For all the hell Kentucky catches for caring only about basketball, it might be easy to forget that 70,902 were in attendance in Lexington when the Wildcats beat No. 1 LSU to move to No. 8 in the country on October 13, 2007. (Yes, that probably included a healthy percentage of LSU fans, but UK's average attendance was 68,824 that season.) That really wasn't very long ago. But in just a small handful of seasons, the regression was complete. In 2007, Kentucky ranked 30th in F/+, 10 spots ahead of Alabama. In 2011, they ranked 89th, 11 spots behind Louisiana-Lafayette. When you aren't a historical power in college football, you typically can't afford much of a slip. You can win games and develop a reasonably healthy program, but a couple of injuries, a couple of poor recruiting classes, or an only average coaching hire can take you pretty far down the hill.
Use whatever adjective or descriptor you choose to describe SEC football at this point.
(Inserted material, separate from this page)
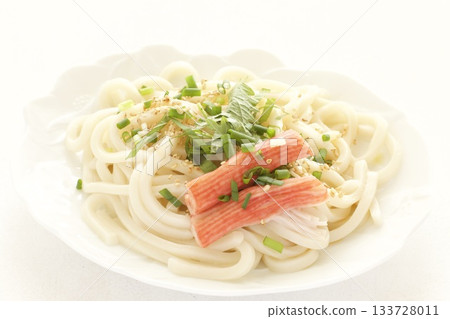 冰鎮烏龍麵配蟹肉棒 133728011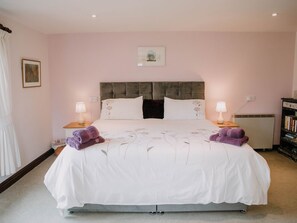 2 bedrooms, WiFi - Stargazer's Field House, Hay-On-Wye (Hereford)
If you're a fan of an SEC school, you are probably going to go with something akin to "greatest conference in the land," or "deepest conference in the land," or "SIX (national titles) IN A ROW!" If you are a fan of a school from a different conference, however, maybe you're more likely to go with "top-heavy" or "Come on, it's not like the SEC is THAT much better than all of the other conferences." Whichever side of that line you fall on, one thing is inarguable: even in the SEC, either the greatest or most top-heavy conference in the country, somebody has to lose. No matter how many different programs have achieved some level of recent greatness -- Alabama, LSU, Florida, Auburn, Georgia, Arkansas, conference newcomer Missouri, and even Ole Miss have found themselves ranked in the AP top five at some point in the last five years; that's over half the conference, and it doesn't even include 2010 SEC East champion South Carolina -- for every conference game there is a winner and a loser. Historically, the most likely losers have been Vanderbilt and the basketball-first Wildcats of the University of Kentucky.
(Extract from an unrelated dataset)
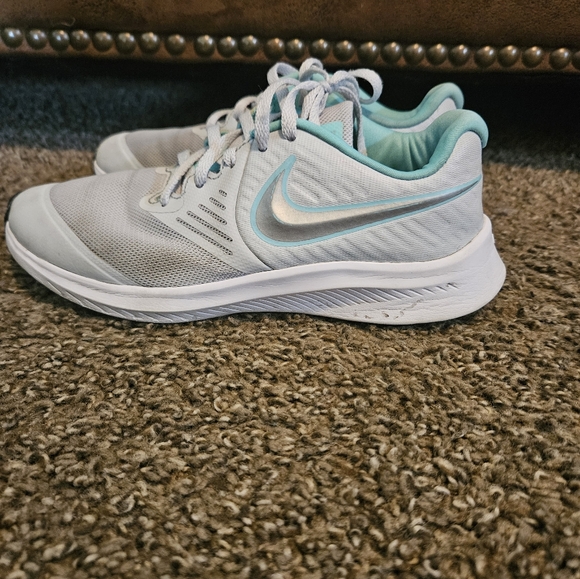 3.5 Nike Kid Tennis Shoes - Picture 3 of 5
There are plenty of tidbits you could use to illustrate this point. From 1985-2005, Kentucky finished with a winning record three times (6-5 in 1989, 7-5 in 1998, 7-5 in 2002) and never won more than seven games. The last time the Wildcats lost fewer than five games in a season was 1977. (UK went a startling 8-4 in 1976 and 10-1 in 1977.) All-time Southeastern Conference titles: two (one in the last 60 years). Et cetera.
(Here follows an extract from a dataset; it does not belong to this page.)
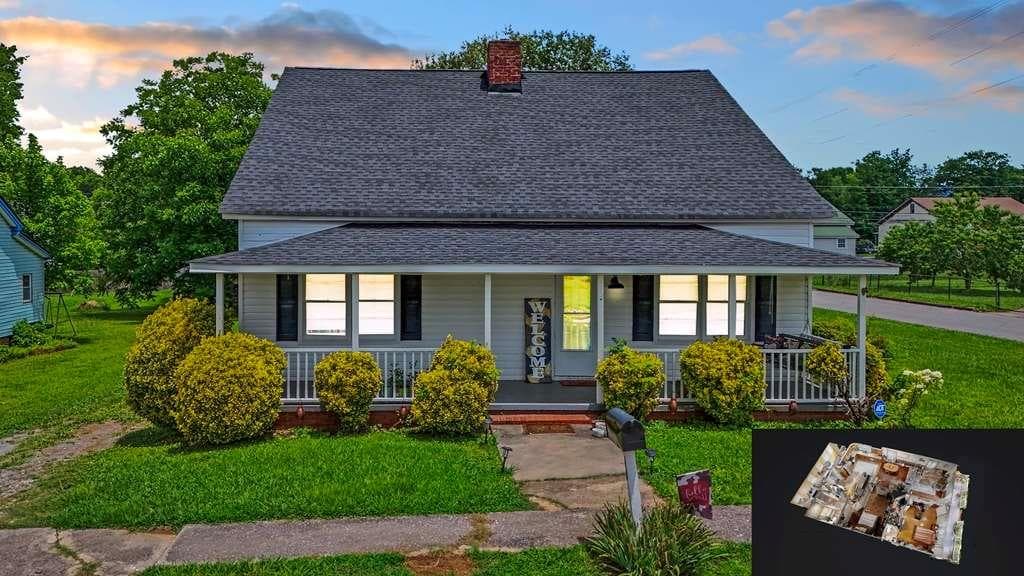 2 bedroom, 2 bathroom, 1,516 sq ft single family residence for sale at 15 Aragon Road, Aragon, GA 30104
Strangely, though, while Kentucky has almost never been the best team in the SEC, they have also rarely been the worst. In the last century or so, the Wildcats have won between four and six games 50 times. Fifty! They've done it twice in Joker Phillips' two seasons in charge, in fact. After Rich Brooks retired following four consecutive bowls (the Wildcats basically established residence at the Music City Bowl), Phillips made it a fifth straight in 2010 and finished 6-7, then went 5-7 in 2011. It doesn't sound like that much of a dropoff from Brooks' tenure, but on paper, Kentucky was quite a bit worse in 2011 than it had been in quite a while. An offense that had ranked 20th in Off. F/+ in 2010 (thanks in part to Randall Cobb) fell to 110th, and a decent defense (40th in Def. F/+) wasn't enough to make up the difference. The Wildcats beat only Western Kentucky (84th in F/+), Central Michigan (101st), Jacksonville State (FCS), Ole Miss (95th) and Tennessee (57th), losing their other seven games by an average score of 35-10.
Heading into 2012, then, Phillips is tasked with rediscovering the
magic general competency from Brooks' tenure. But that offense … oh, that offense … might struggle to recover.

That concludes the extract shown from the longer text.